(Captioned web image data)
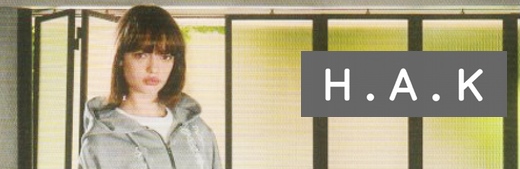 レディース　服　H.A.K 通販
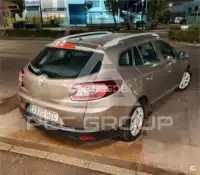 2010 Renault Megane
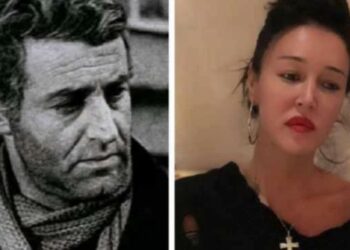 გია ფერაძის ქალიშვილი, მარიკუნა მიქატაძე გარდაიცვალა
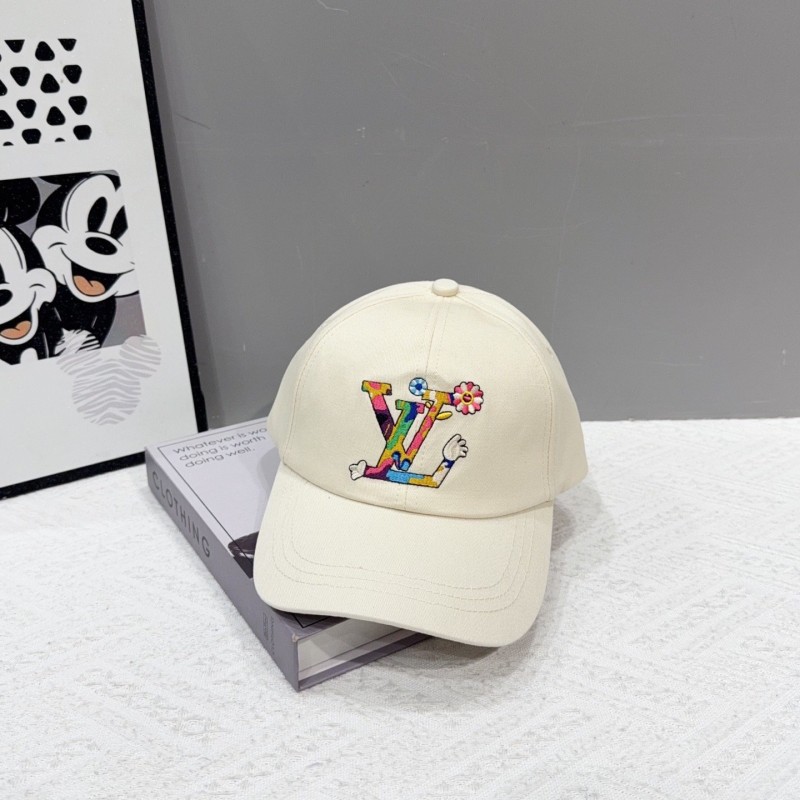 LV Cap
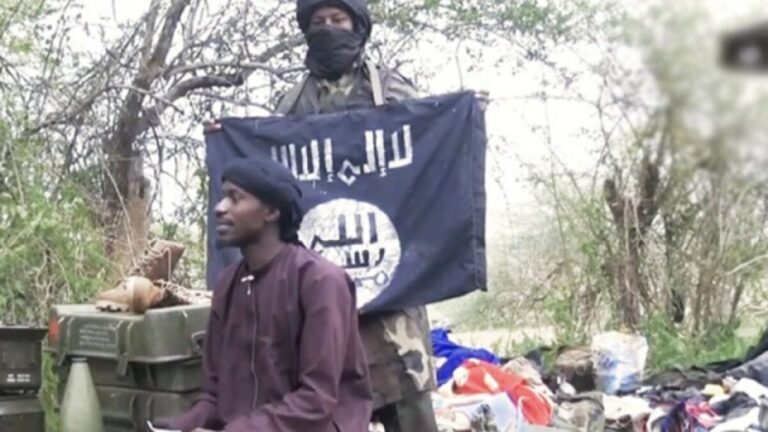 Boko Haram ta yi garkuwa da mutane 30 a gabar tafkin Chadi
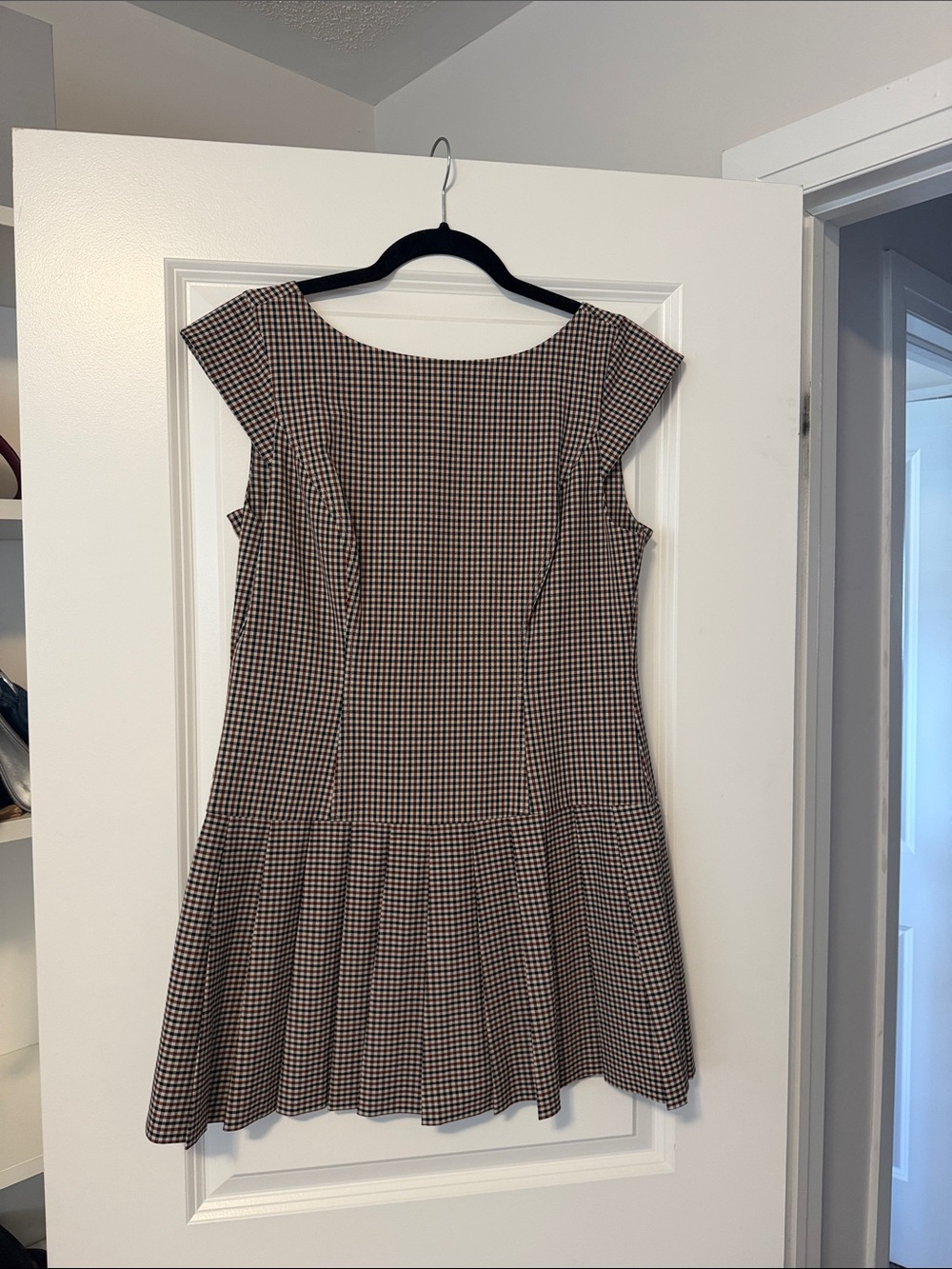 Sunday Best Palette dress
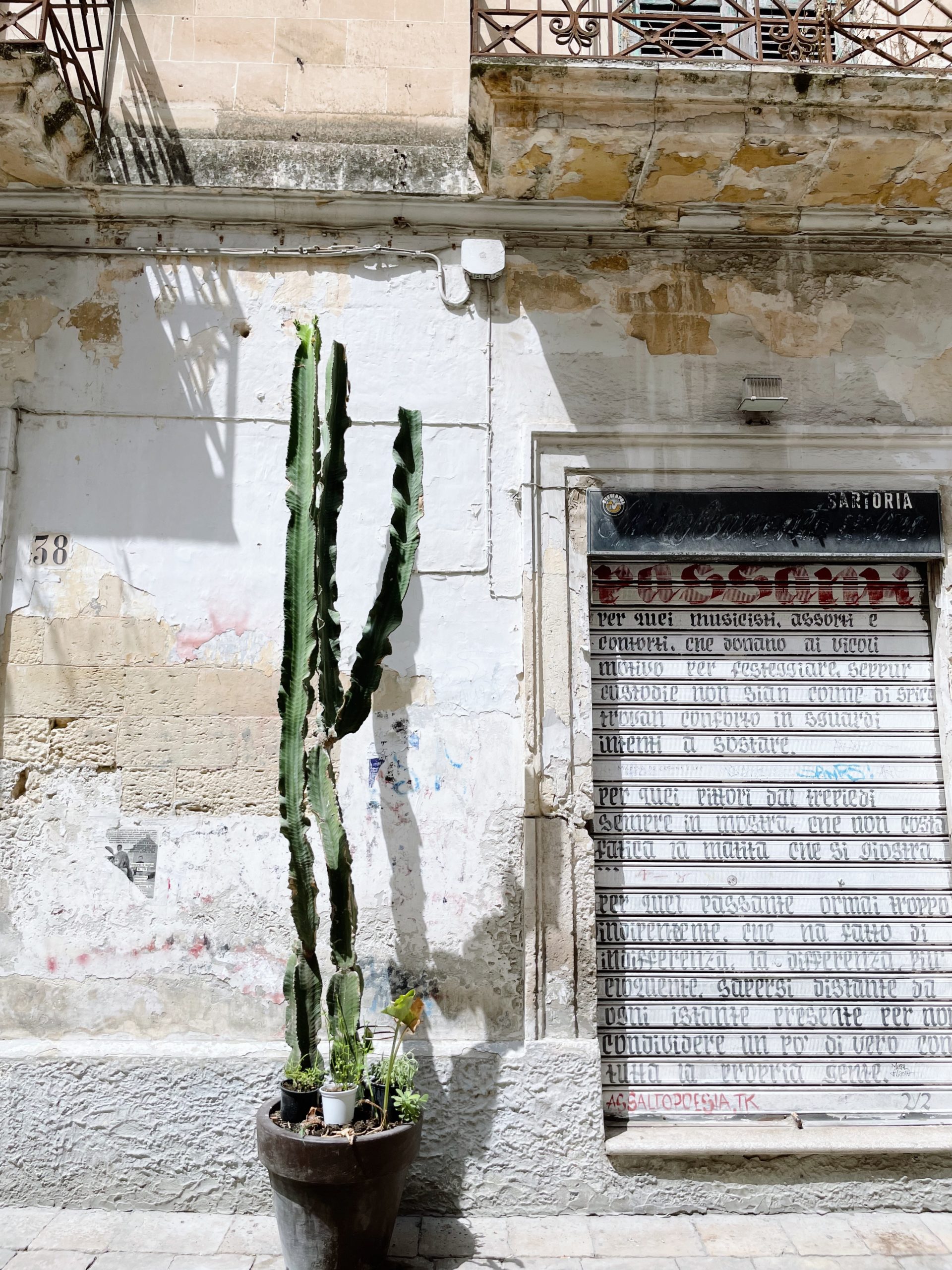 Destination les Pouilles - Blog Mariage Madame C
==
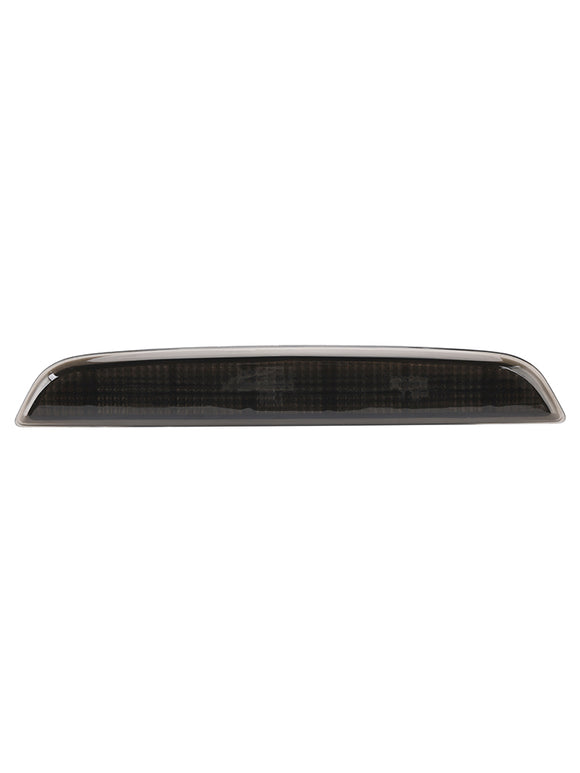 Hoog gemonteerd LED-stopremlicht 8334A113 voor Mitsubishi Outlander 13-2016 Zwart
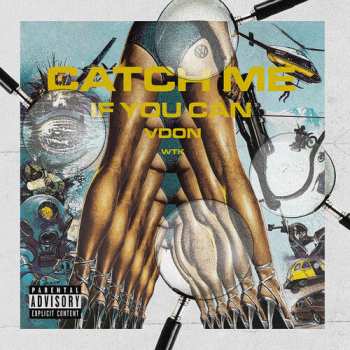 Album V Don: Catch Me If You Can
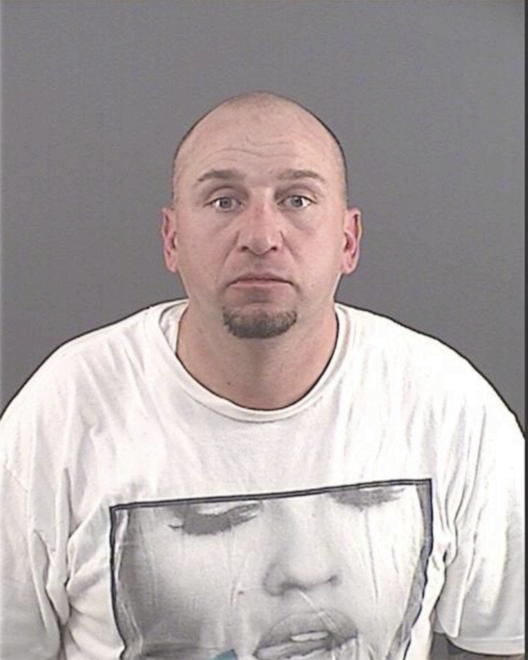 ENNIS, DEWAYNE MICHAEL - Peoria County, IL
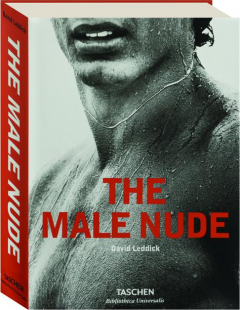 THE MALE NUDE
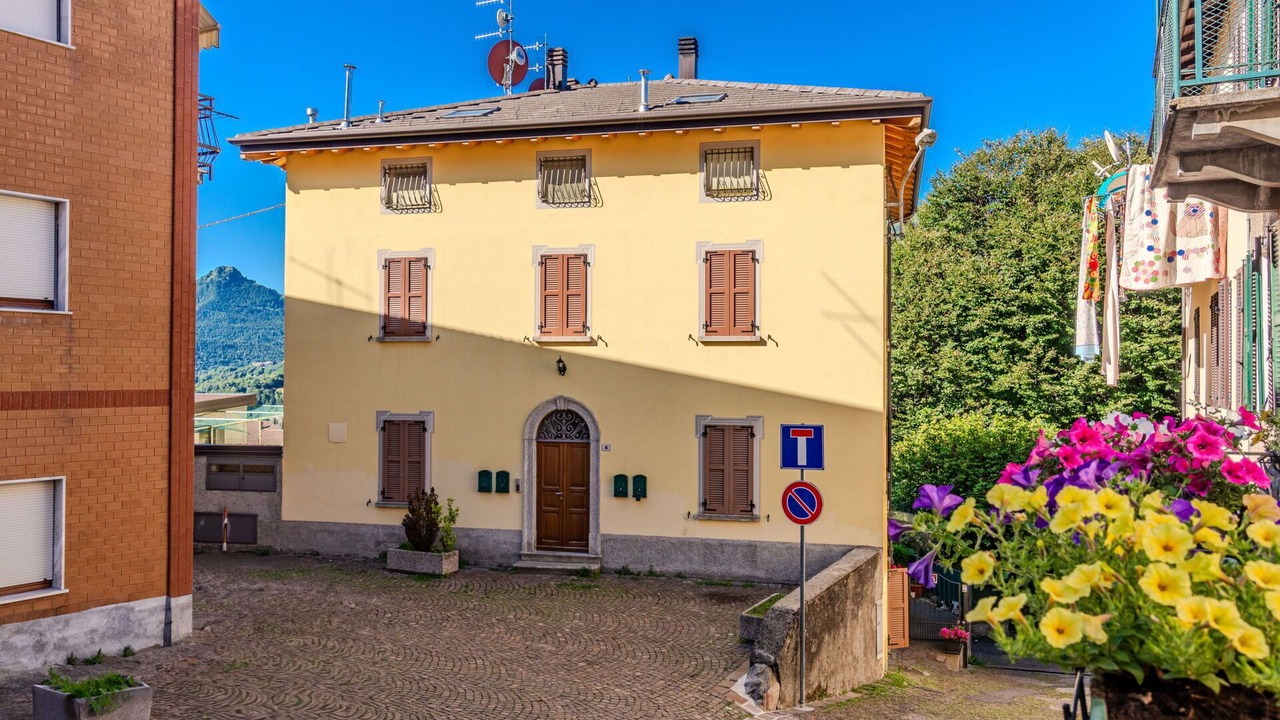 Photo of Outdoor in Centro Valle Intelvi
==
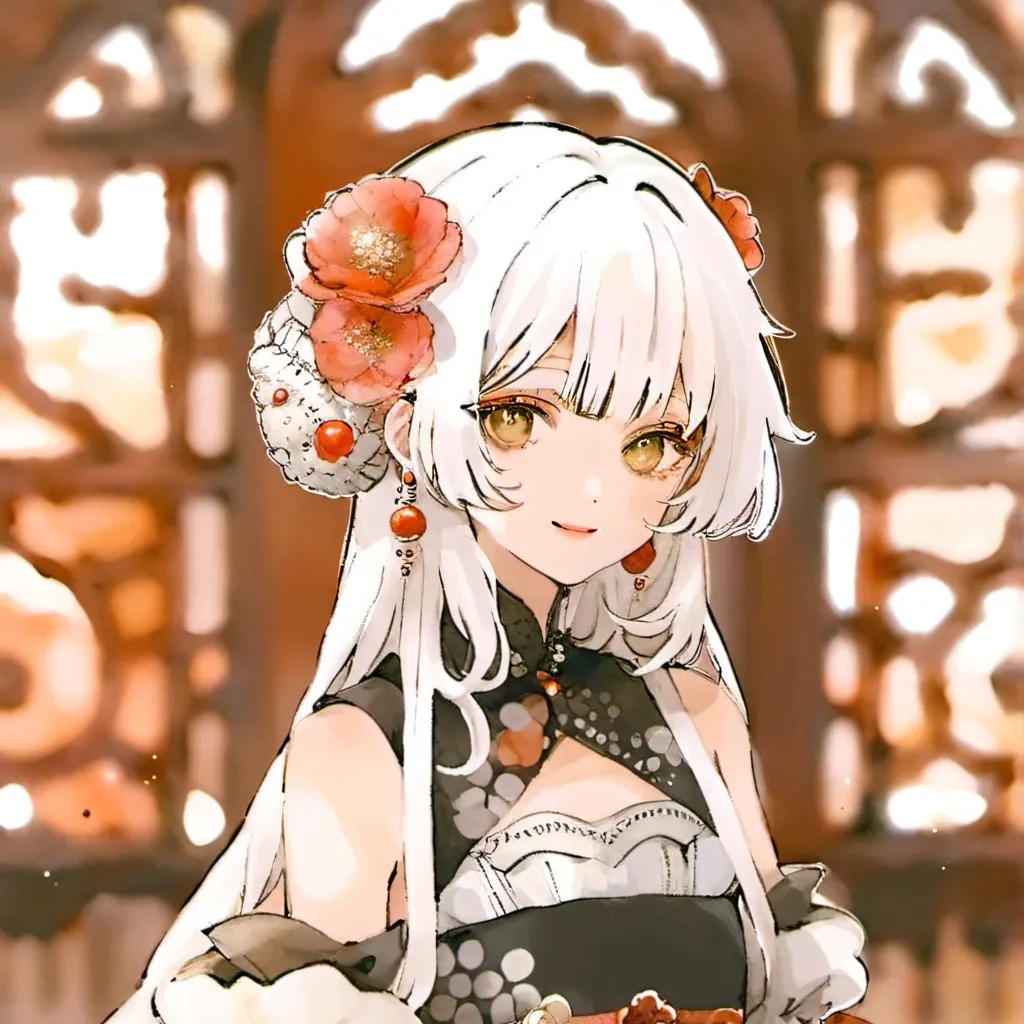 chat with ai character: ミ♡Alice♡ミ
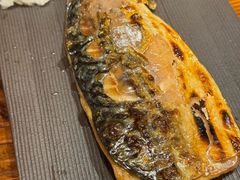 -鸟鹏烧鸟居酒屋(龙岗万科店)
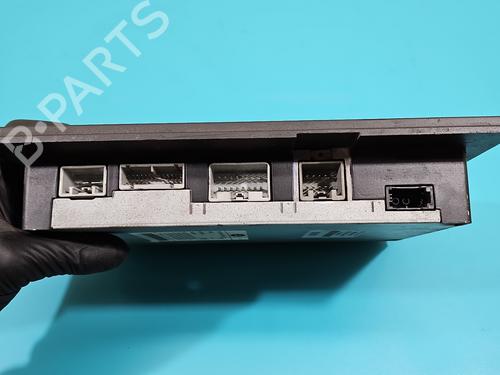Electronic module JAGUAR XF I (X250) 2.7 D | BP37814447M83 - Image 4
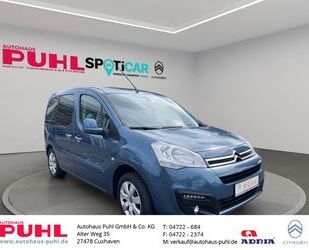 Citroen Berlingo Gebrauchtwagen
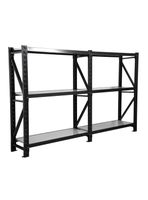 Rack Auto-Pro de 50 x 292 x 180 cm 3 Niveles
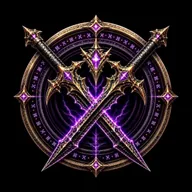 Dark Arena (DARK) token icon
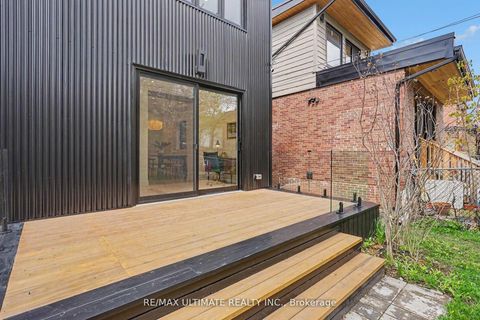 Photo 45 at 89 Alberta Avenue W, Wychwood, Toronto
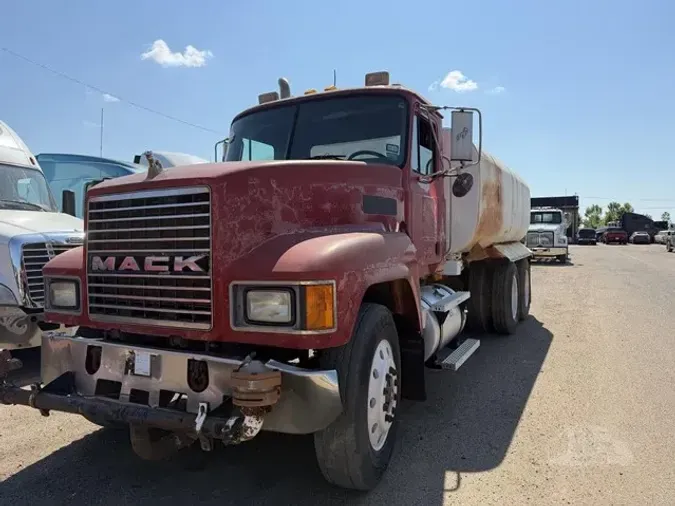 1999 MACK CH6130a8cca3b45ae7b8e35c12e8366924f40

- [WHAT IS REQUIRED]: An exact transcription is needed of the lines from the one with "-鸟鹏烧鸟居酒屋(龙岗万科店)" to the one with "Photo 45 at" above, both ends included, with pictures left out.

- [ANSWER BELOW]:
 -鸟鹏烧鸟居酒屋(龙岗万科店)
Electronic module JAGUAR XF I (X250) 2.7 D | BP37814447M83 - Image 4
 Citroen Berlingo Gebrauchtwagen
 Rack Auto-Pro de 50 x 292 x 180 cm 3 Niveles
 Dark Arena (DARK) token icon
 Photo 45 at 89 Alberta Avenue W, Wychwood, Toronto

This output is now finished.